The total variation according to Rudin is defined as: $$|\mu|(E):=\sup_{\bigcup_{k\in\mathbb{N}}E_k=E}\sum_k|\mu(E_k)|$$ where the supremum is taken over all countable partitions.
Now I'm reading in my notes the slightly different definition: $$|\mu|(E):=\sup_{\bigcup_{k=1}^N E_k=E}\sum_k|\mu(E_k)|$$ here instead explicitely only considering finite partitions.

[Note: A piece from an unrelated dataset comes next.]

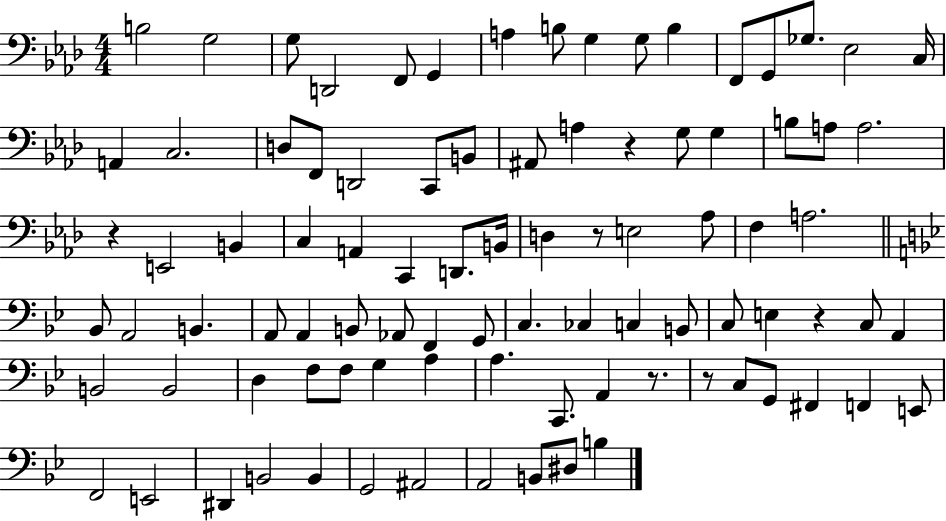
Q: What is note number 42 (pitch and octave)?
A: A3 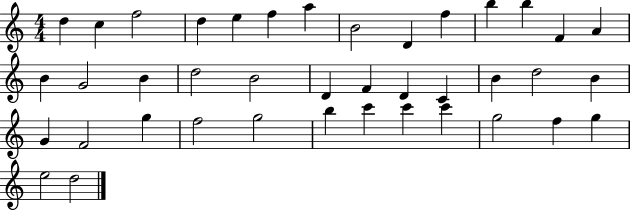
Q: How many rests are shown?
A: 0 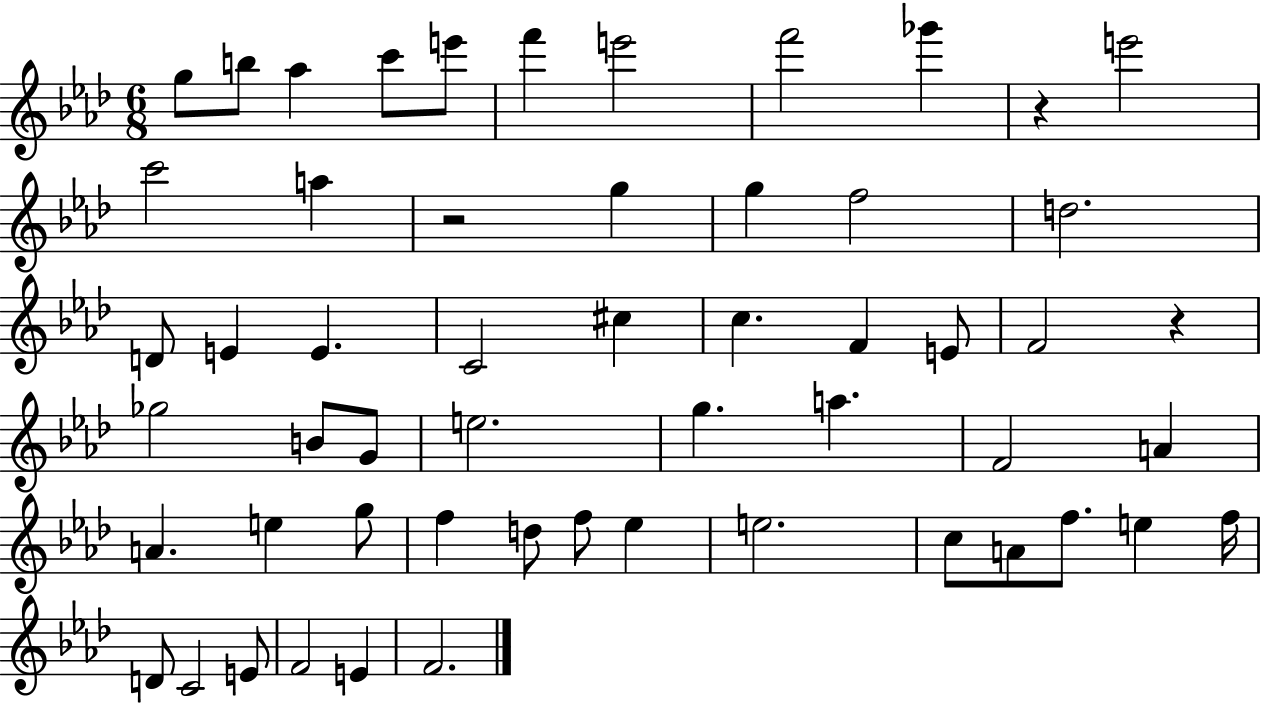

I distrust this definition also since it refers for proofs to Rudin but I'm stuck finding a counterexample giving merely a finitely additive total variation. Is there some example?
The definitions are equivalent. Indeed, take a countable partition $E=\bigcup E_k$. By unconditional convergence both the series and its absolute converge. Thus for every $\epsilon>0$ there is $N$ such that: $$\|\sum_k|\mu(E_k)|-\sum_{k\leq N}|\mu(E_k)|||<\frac{\epsilon}{2}$$ whereas since the measure is countably additive there is $N'$ such that: $$\|\mu(\bigcup_{k>N}E_k)\|=\|\mu(\bigcup_k E_k)-\mu(\bigcup_{k\leq N}E_k)\|=\|\sum_k\mu(E_k)-\sum_{k\leq N}\mu(E_k)\|<\frac{\epsilon}{2}$$ Taking both together this implies that the finite partition $E_1,\ldots,E_{N_0},\bigcup_{k>N_0}E_k$ with $N_0:=\max\{N,N'\}$ gets arbitrarily close: $$\|\sum_k|\mu(E_k)|-\sum_{k\leq N}|\mu(E_k)|-|\mu(\bigcup_{k>N}E_k)|\|<\frac{\epsilon}{2}+\frac{\epsilon}{2}=\epsilon$$ This shows the desired inequality: $$\sup_{\bigcup_{k\in\mathbb{N}} E_k=E}\sum_k |\mu(E_k)|\leq\sup_{\bigcup_{k=1}^N E_k=E}\sum_k |\mu(E_k)|$$ The reverse inequality is either vacuous if "countable" includes "finite", or easy since every finite partition can be made countably infinite by letting $E_k=\varnothing$ for all large $k$.